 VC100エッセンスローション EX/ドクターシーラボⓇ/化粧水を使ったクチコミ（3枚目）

┄┄┄┄┄┄┄┄┄┄

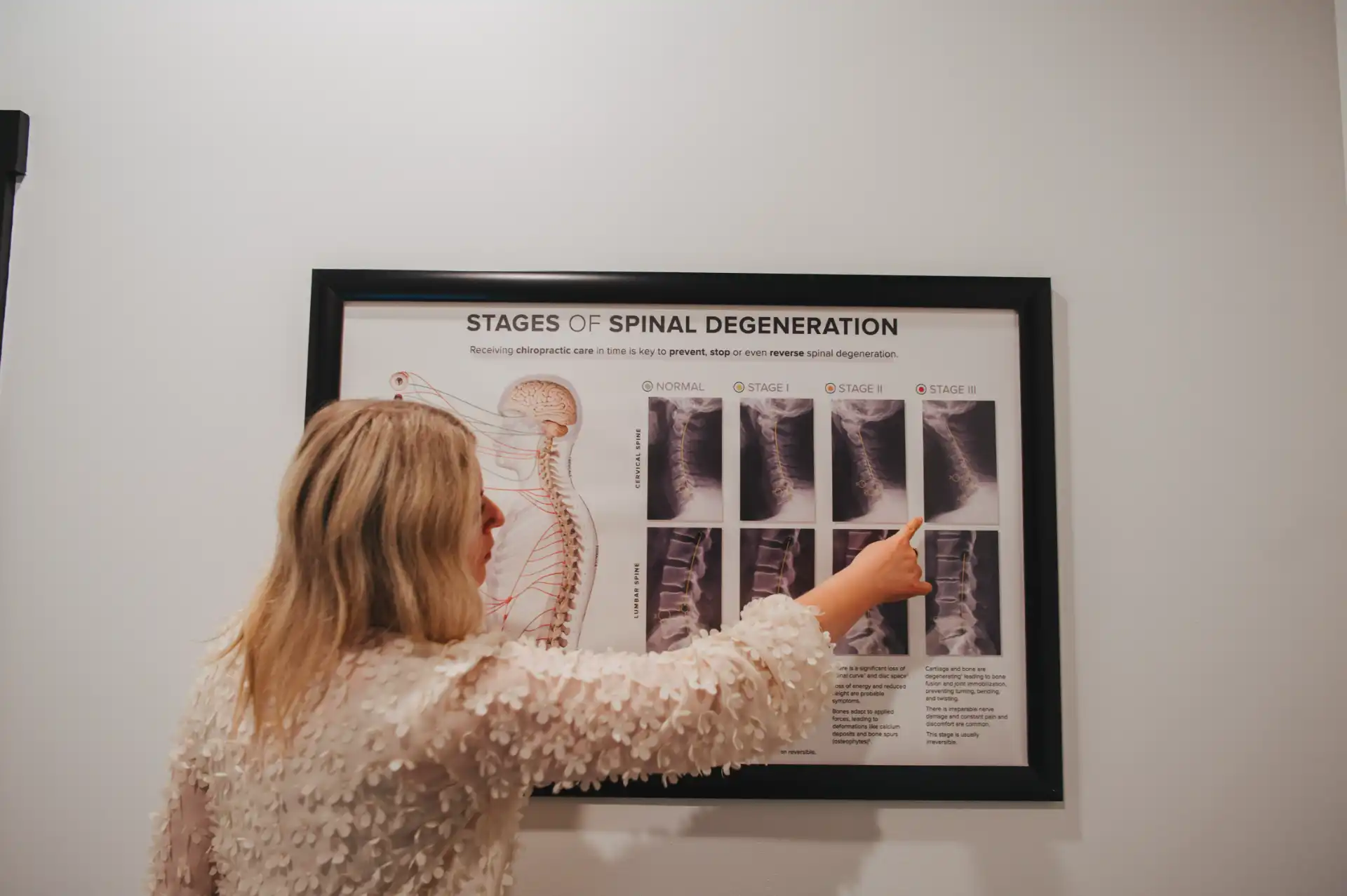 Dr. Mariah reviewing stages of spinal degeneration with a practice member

┄┄┄┄┄┄┄┄┄┄

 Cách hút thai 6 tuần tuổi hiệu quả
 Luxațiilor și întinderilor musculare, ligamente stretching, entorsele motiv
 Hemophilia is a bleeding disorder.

┄┄┄┄┄┄┄┄┄┄

> [ASSIGNED TASK]:
Could you write out, exactly as they stand, only the lines above that begin at the line with "Cách hút thai 6 tuần tuổi hiệu quả" and stop after the line with "Hemophilia is a bleeding disorder."?

> [WRITTEN RESPONSE]:
 Cách hút thai 6 tuần tuổi hiệu quả
 Luxațiilor și întinderilor musculare, ligamente stretching, entorsele motiv
 Hemophilia is a bleeding disorder.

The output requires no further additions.